§ Task instructions:
In the listing below, find the line containing "Bobbi Boss Boss Braid 3X75" and the line containing "Sonoya Mizuno for Teen Vogue". Repeat exactly those two lines and every line between them, nothing more.

━━━━━ Entries shown ━━━━━

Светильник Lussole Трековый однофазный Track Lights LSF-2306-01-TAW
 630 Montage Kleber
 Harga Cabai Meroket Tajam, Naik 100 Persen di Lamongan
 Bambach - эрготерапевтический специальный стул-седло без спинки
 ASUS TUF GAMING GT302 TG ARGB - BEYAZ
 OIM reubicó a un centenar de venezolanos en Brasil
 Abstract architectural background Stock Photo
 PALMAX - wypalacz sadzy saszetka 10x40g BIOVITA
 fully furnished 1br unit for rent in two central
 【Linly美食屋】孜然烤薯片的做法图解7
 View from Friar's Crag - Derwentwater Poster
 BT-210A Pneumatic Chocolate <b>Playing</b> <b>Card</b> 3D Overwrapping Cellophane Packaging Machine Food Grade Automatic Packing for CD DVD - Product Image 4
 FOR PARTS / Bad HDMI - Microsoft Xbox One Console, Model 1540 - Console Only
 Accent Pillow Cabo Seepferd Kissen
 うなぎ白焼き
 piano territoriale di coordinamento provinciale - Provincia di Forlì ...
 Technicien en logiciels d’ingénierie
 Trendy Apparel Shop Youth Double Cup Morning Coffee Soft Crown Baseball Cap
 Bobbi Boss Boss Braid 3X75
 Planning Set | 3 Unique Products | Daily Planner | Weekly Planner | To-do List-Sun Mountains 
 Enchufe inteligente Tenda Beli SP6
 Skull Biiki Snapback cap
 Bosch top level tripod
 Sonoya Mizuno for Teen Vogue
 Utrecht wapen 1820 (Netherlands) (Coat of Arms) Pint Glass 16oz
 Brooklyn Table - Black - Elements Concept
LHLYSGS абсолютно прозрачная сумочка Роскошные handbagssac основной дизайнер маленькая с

━━━━━

§ Written solution:
 Bobbi Boss Boss Braid 3X75
 Planning Set | 3 Unique Products | Daily Planner | Weekly Planner | To-do List-Sun Mountains 
 Enchufe inteligente Tenda Beli SP6
 Skull Biiki Snapback cap
 Bosch top level tripod
 Sonoya Mizuno for Teen Vogue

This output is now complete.